Composé par MM Keeravani, « Naatu Naatu » marque ainsi l’histoire indienne en tant que première œuvre d’art locale de Tollywood à remporter le Prix le plus prestigieux de l’industrie cinématographique mondiale. Les recherches en ligne de l’énergétique « Naatu Naatu » sur Google ont grimpé en flèche de 1.105 % dans le monde après que la chanson à succès Telugu ait remporté l’Oscar tant convoité.

« Je ne trouve pas les mots pour exprimer ma joie. Ce n’est pas seulement une victoire pour RRR mais pour l’Inde l’entière. Je crois que ce n’est que le début », s’est ému Nandamuri Taraka Rama, ayant interprété l’emblématique « Naatu Naatu » en compagnie de la star Ram Charan.

« Rien de tout cela n’aurait été possible sans un maître appelé Rajamouli », assure Nandamuri Taraka Rama, principal acteur dans RRR, un très long-métrage télougou de trois heures qui relate l’histoire de deux révolutionnaires ayant combattu les Britanniques dans l’Inde des années 1920.

Désormais, Tollywood espère que le succès de RRR aux Oscars ne fera que cimenter la position de l’industrie locale non seulement en Inde mais dans le monde.

Les recettes au box-office des films télougou au cours des deux dernières années ne cessent de grimper en flèche. A titre d’exemple, « Bahubali – The conclusion » a engrangé 15 millions de dollars le premier jour de sa sortie, alors que « RRR » a collecté 33 millions de dollars dans le monde le premier jour. RRR, est devenu le deuxième film indien le plus rentable de tous les temps avec environ 160 millions de dollars de recettes mondiales à ce jour.

Selon des observateurs, la montée exponentielle de Tollywood s’explique par l’émergence d’une classe moyenne notamment dans les Etats du Sud, qui peuvent désormais s’offrir des sorties familiales dans les cinémas.

Ces nouveaux membres de la classe moyenne, ne parlent pas l’hindi comme langue maternelle. Et même s’ils le comprennent le plus souvent, l’hindi étant une matière obligatoire à l’école, ils privilégient avant tout des films sorties dans leurs langues natales.

De même, des critiques reprochent à Bollywood ses films élitistes axés sur la vie citadine dans un pays où la population rurale s’élève à 70%.
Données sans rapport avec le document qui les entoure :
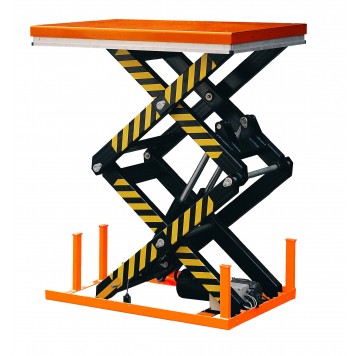 Подъемный стол с ножничным механизмом YLF1000-0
« Les choix qui paraissent pertinents aux cinéastes hindis ne le sont sans doute pas pour le grand public », a, dans ce sens, commenté la superstar indienne Aamir Khan.
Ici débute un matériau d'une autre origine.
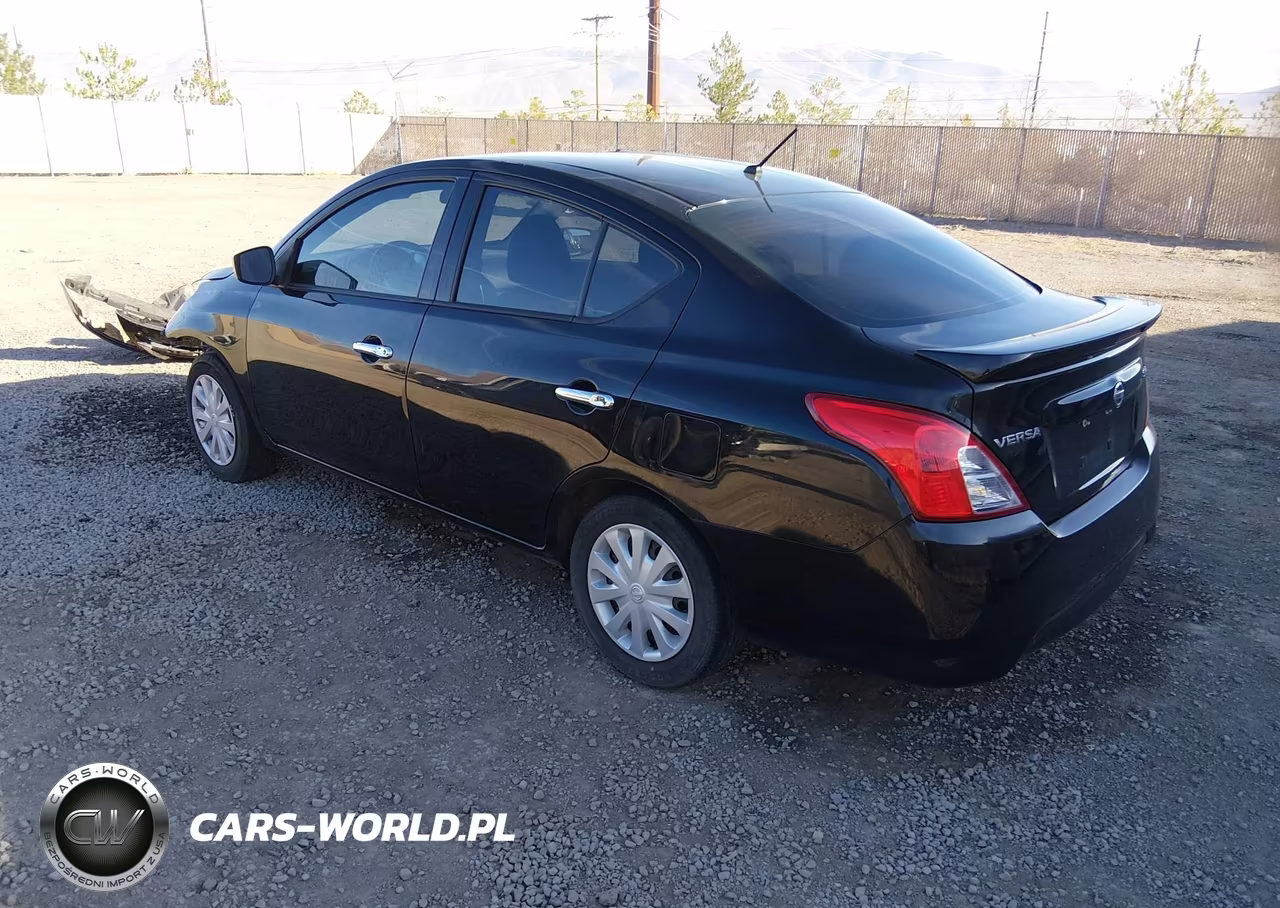 2019 Nissan Versa 1.6 Sv VIN:3N1CN7AP8KL801514 - 3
En revanche, les films de Tollywood optent pour des scénarios qui semblent plus proche des cultures régionales, pour des décors locaux et surtout pour des chorégraphies musicales qui tendent à démontrer que les Etats du Sud, notamment l’Andhra Pradesh et le Telangana, où il a le statut de langue officielle, n’ont rien à envier à Bollywood.

L’on cite aussi ce boom technologique qui a métamorphosé l’industrie cinématographique en termes notamment des techniques de production (numérisation, son, image, réseau, effets spéciaux), mais aussi ces plateformes de streaming, également appelés plateformes over-the-top (OTT), qui permettent de visionner les dernières productions sans attendre une sortie en salles. Une révolution qui a permis aux Etats indiens, même les moins riches et les plus distanciés, de caresser leur propre rêve cinématographique loin de Mumbai, fief de Bollywood.

Quoi qu’il en soit, le cinéma indien, tourné à Bollywood ou à Tollywood, continue de faire vibrer les cœurs et les corps. Du premier long-métrage indien parlant, « Alam Ara » sorti en 1931, jusqu’à les toutes dernières superproductions, le 7e art indien ne cesse de façonner l’imaginaire commun et de construire l’identité de tout un pays, abstraction faite des appartenances ethniques, culturelles ou cultuelles.